> [Aim of the task]
When you reach the line in the data below that contains "Boston Celtics Color Block Bomber Full-Snap Jacket Boston", please start repeating lines exactly, and stop after the line that contains "Image similar to", repeating nothing else.

> [Record extracts]

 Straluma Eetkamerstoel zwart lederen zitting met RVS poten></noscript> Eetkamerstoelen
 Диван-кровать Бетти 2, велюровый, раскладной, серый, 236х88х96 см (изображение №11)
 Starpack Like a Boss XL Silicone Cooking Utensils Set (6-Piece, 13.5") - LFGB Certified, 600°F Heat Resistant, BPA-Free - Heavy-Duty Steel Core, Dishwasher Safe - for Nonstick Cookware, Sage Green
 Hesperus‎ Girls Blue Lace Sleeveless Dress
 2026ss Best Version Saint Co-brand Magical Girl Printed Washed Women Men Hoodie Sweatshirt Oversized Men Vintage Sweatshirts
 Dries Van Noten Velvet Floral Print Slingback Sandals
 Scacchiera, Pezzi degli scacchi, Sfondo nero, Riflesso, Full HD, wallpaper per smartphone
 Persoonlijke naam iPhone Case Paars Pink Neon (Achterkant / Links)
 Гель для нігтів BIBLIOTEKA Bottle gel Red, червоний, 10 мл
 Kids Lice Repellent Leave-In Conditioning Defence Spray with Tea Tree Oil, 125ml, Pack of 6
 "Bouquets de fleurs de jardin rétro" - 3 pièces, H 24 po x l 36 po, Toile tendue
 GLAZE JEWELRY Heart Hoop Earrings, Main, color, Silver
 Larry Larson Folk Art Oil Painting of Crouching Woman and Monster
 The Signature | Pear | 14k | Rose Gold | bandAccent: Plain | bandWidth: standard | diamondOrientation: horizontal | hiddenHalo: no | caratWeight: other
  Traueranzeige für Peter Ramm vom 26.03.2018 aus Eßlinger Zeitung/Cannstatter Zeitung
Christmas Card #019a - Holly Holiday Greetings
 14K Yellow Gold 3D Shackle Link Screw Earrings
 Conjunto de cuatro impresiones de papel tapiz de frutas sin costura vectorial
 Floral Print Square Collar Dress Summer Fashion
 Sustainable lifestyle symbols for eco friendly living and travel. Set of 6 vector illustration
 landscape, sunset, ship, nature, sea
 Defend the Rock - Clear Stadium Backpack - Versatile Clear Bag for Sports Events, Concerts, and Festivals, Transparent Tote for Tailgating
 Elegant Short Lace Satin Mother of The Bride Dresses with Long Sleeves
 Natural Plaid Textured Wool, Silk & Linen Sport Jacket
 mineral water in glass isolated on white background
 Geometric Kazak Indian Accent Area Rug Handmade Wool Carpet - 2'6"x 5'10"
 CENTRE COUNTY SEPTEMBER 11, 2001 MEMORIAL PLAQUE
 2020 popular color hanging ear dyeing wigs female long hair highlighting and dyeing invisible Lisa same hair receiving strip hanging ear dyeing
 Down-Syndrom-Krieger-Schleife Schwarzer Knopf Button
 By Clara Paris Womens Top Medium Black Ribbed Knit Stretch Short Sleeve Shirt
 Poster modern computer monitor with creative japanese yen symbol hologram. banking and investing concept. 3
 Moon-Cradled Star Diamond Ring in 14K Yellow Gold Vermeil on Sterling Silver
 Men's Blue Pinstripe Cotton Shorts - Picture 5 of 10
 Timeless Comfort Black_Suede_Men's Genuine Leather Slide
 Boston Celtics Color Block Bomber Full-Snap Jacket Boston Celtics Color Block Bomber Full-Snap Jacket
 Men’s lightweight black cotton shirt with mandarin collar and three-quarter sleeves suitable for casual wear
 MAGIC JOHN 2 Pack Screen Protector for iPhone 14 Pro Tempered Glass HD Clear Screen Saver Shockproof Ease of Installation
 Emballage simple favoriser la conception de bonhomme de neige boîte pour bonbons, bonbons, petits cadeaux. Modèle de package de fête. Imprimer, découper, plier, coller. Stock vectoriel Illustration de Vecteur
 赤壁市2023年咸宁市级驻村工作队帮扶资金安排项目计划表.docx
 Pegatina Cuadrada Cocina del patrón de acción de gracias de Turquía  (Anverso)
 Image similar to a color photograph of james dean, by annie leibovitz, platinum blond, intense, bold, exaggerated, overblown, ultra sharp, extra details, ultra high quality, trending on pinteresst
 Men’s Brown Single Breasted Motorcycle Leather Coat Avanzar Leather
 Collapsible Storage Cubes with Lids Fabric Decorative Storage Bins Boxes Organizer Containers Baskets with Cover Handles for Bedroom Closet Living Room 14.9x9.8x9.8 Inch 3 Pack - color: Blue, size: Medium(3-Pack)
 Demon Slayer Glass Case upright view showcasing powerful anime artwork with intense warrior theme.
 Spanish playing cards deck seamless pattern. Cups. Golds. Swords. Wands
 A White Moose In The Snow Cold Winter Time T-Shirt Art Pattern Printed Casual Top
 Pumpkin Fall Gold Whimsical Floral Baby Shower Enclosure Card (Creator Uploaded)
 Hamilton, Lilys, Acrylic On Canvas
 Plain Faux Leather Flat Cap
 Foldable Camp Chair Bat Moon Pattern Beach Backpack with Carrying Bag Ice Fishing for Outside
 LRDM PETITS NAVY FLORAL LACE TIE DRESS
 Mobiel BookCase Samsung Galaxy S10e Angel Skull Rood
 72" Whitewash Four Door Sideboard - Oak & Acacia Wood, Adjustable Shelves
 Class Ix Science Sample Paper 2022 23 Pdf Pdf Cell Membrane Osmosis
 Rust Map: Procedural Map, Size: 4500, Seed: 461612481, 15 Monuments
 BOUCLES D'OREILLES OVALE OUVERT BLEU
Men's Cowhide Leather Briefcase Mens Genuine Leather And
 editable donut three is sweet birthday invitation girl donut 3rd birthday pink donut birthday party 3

> [Finished task]
 Boston Celtics Color Block Bomber Full-Snap Jacket Boston Celtics Color Block Bomber Full-Snap Jacket
 Men’s lightweight black cotton shirt with mandarin collar and three-quarter sleeves suitable for casual wear
 MAGIC JOHN 2 Pack Screen Protector for iPhone 14 Pro Tempered Glass HD Clear Screen Saver Shockproof Ease of Installation
 Emballage simple favoriser la conception de bonhomme de neige boîte pour bonbons, bonbons, petits cadeaux. Modèle de package de fête. Imprimer, découper, plier, coller. Stock vectoriel Illustration de Vecteur
 赤壁市2023年咸宁市级驻村工作队帮扶资金安排项目计划表.docx
 Pegatina Cuadrada Cocina del patrón de acción de gracias de Turquía  (Anverso)
 Image similar to a color photograph of james dean, by annie leibovitz, platinum blond, intense, bold, exaggerated, overblown, ultra sharp, extra details, ultra high quality, trending on pinteresst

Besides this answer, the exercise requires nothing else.